Connector activation

The Connector is not mandatory. If you do not plan to provide file interaction, you can skip this section.

Hint:
The Connector by default is not present and disabled for security reasons!

It takes two steps to enable it:

  1. Declare the ConnectorServlet in your web.xml
      <web-app version="2.4">
        ...
        <servlet>
          <servlet-name>Connector</servlet-name>
            <servlet-class>
              net.fckeditor.connector.ConnectorServlet
          </servlet-class>
          <load-on-startup>1</load-on-startup>
        </servlet>
        ...
        <servlet-mapping>
          <servlet-name>Connector</servlet-name>
          <url-pattern>
            /fckeditor/editor/filemanager/connectors/*
          </url-pattern>
        </servlet-mapping>
        ...
      </web-app>

    Assuming you installed the editor in the /fckeditor folder in your webapp.
    The Connector is now declared but still disabled. The response is going to be an error message.

  2. Create a fckeditor.properties file in your classpath and add:
      connector.userActionImpl=net.fckeditor.requestcycle.impl.UserActionImpl

The Connector is now enabled.

Extending the Connector

Hint:
Skip this section if you are not interested in extending the Connector.

The basic idea of extending the Connector is to provide interfaces for user-dependent interactions which can be implemented by the web application developer.

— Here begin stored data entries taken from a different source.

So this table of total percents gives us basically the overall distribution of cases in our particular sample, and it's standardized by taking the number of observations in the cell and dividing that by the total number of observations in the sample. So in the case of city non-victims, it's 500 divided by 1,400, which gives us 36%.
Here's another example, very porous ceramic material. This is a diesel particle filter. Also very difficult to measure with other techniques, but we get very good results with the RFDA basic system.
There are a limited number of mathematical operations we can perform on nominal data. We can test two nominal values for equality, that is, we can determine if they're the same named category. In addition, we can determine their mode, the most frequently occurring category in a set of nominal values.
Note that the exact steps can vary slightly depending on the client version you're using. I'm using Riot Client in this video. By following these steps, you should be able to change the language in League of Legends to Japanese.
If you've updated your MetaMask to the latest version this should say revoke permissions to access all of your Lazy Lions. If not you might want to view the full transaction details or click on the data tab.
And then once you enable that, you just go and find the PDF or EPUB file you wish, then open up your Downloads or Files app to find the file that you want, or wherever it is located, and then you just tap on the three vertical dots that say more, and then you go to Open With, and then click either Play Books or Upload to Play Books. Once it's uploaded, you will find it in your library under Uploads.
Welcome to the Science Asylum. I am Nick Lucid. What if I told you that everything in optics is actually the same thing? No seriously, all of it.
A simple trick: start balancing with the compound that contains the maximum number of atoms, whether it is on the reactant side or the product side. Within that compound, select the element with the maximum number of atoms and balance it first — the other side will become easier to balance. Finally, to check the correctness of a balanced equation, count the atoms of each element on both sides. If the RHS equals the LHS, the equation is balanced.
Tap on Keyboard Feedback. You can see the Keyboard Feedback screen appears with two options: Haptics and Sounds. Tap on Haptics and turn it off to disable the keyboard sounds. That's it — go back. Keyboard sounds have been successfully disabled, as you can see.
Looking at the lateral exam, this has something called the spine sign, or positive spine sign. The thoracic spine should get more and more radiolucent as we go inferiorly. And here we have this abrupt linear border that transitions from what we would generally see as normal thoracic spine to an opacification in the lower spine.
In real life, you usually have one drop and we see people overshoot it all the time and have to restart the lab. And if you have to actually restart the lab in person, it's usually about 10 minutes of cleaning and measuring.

All methods are passed the current HttpServletRequest instance in order to retrieve request and/or session attributes to assemble a user-specific return value. We intentionally do not impose any constraints or indorse any particular implementation approach to give you the freedom to implement the interfaces the way it fits best in your environment.

Supply the fully-qualified class names of the implementing classes as described in the configuration settings.

Right now, the integration pack provides two interfaces to extend the Connector:

  1. net.fckeditor.requestcycle.UserPathBuilder

    This interface consists only of one method String getUserFilesPath(final HttpServletRequest). You are able to construct a user-dependent UserFilesPath, e.g. /userfiles/johndoe.

  2. net.fckeditor.requestcycle.UserAction

    There are two methods to authorize users to do file-based actions:

    • boolean isEnabledForFileBrowsing(final HttpServletRequest) denoting the user's ability to browse files on the server.
    • boolean isEnabledForFileUpload(final HttpServletRequest) denoting the user's ability to upload files to the server.

    For those who want to enable all users to browse and upload files, there is a ready-to-use implementation UserActionImpl.